Golden set — 15 purpose-built post-cutoff fixtures + 3 tasks mined from the author's own repos (real commit SHAs, MIT/own license — zero leak/copyleft risk). Each is mutation-hardened: a wrong fix to the patched region is caught (16 mutation-hardened at mean score 0.94; 2 inconclusive for regex/string code; 0 weak).
Sandbox / CI / cron — GitHub Actions on a public repo does triple duty (ephemeral isolated VM sandbox + regression gate + scheduled sweep) at $0.
Observability — OpenTelemetry GenAI spans (invoke_agent → retrieval / chat / execute_tool, gen_ai.usage.*, a gen_ai.evaluation.result pass/fail verdict) exported to Langfuse Cloud; every run is a clickable trace.

Two gates, two jobs

The deterministic gold-integrity gate (does the harness itself still work?) is kept separate from the stochastic regression gate (did a change make the agent meaningfully worse?) — because gold grading is deterministic and must never be averaged with noisy per-seed runs.

flowchart TD
    PR["Pull request / commit"] --> GG["Gold-integrity gate<br/>deterministic · $0 · re-grade all gold patches"]
    GG -->|"any gold task unresolved"| F1["fail — the harness broke"]
    GG -->|"all gold tasks resolved"| OK1["harness intact"]
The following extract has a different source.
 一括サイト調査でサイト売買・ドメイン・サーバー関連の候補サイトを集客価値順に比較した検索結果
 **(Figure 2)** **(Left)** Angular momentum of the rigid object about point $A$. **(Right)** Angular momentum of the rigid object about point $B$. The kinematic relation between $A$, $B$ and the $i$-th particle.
    CRON["Scheduled multi-seed sweep"] --> SEEDS["run the agent × N seeds<br/>→ one resolution rate per seed"]
    SEEDS --> RG["Regression gate<br/>small-sample CI (Student-t / Wilson)"]
    BASE["baseline_scores.json<br/>per-seed reference"] --> RG
    RG -->|"candidate CI upper bound &lt; baseline CI lower bound"| F2["❌ fail — real regression"]
    RG -->|"overlapping · equal · improved"| OK2["✓ no regression"]

    style GG stroke:#4cc2ff,stroke-width:2px
    style RG stroke:#f0883e,stroke-width:2px

Quickstart

Prereq: uv (Python 3.12 is provisioned for you) — curl -LsSf https://astral.sh/uv/install.sh | sh.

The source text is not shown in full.